What is the biggest operational risk?

Response quality and response time. If replies are slow, irrelevant, or repetitive, the “service” framing collapses and it starts to feel like a gimmick.

Friskis&Svettis Stockholm: #friskissthlm

January in Sweden is when gyms and health clubs go loud, chasing everyone who made the classic New Year’s resolution to start exercising. Stockholm-based health club Friskis&Svettis is no exception.

Because Friskis&Svettis is a non-profit association owned by its members, they and their agency Volt build a campaign where members inspire the wider community. A hashtag, #friskissthlm, invites people to work out, photograph the moment, and tag their pictures, so the members themselves become the creative running “around Stockholm”.

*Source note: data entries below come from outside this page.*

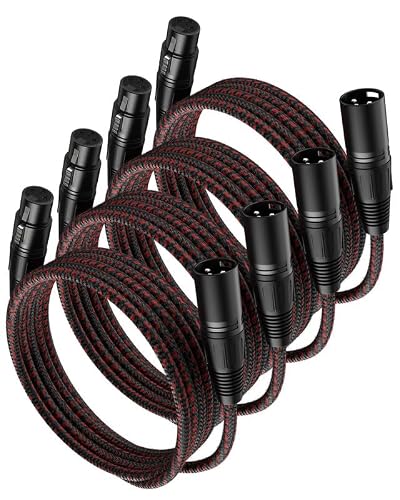 VANDESAIL XLR Cables 6ft 4 Pack,XLR Microphone Cable,OFC Balanced Shielded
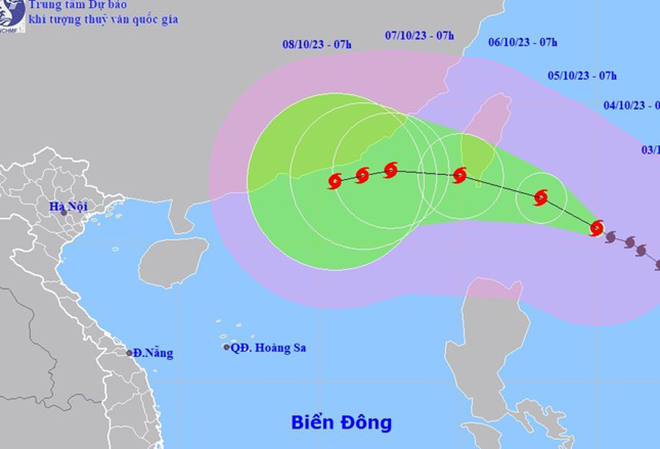 Dự báo quỹ đạo di chuyển của bão KOINU.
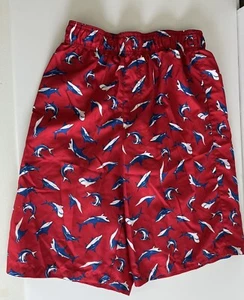 OP Swim Trunks Boys Youth Size XL 14-16 Red Ocean Pacific Mesh Lined Sharks - Picture 1 of 7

How the member-driven mechanic scales

The mechanism is participation as media: member actions create the content and also help distribute it. Instead of producing a single hero ad, the brand defines one simple behavior: train, post, tag. The hashtag becomes the aggregation layer, a single place where the posts collect and stay discoverable, and every new image becomes both proof and invitation. The campaign’s distribution is powered by the same thing gyms want more of in January: visible momentum.

In member-owned fitness communities, letting real members supply the proof tends to land harder than brand-led messaging, because the social permission comes from peers rather than from advertising.

The real question is not how to make a louder January gym ad, but how to make visible member momentum easier to join. The stronger move here is to make member behavior the campaign, not to outshout every other club in January.

Why it lands

It turns the most fragile moment in fitness, starting, into something public and shareable without making it complicated. The posts do two jobs at once. They show variety (different workouts, different people, different branches) and they reduce intimidation, because the “campaign face” is not a model, it is your neighbor.

Extractable takeaway: If you want community growth, choose one repeatable participation unit and one clear tag, then let volume and variety do the persuasion. Your members become the credibility layer.

What to borrow for your own January push

  • Make the ask behavioral. “Work out, post, tag” is easier to follow than “join our movement”.
  • Let variety do the selling. Many small proofs beat one polished claim, especially in fitness.
  • Turn members into the creative. It is cheaper, more credible, and naturally localized.
  • Design for aggregation. One hashtag, one place to browse, one loop that keeps filling itself.

A few fast answers before you act

What is #friskissthlm in one sentence?

A member-powered Instagram hashtag campaign where workouts posted and tagged by members become the campaign content for Friskis&Svettis Stockholm.

Why is this stronger than a typical January gym ad?

Because the proof is peer-generated. People trust “someone like me did this” more than they trust a brand saying “you should”.

What is the key design decision?

Keeping the participation unit tiny and repeatable, so the barrier to contributing stays low while the content volume stays high.

What is the main risk with hashtag-led campaigns?

If the tag is not actively adopted, the feed looks empty and the idea collapses. You need early seeding from members and staff so momentum is visible from day one.

How would you adapt this outside fitness?

Keep the pattern, not the category. Pick one repeatable action people are already willing to do, give it one clear tag or container, and make the resulting proof easy for others to browse and copy.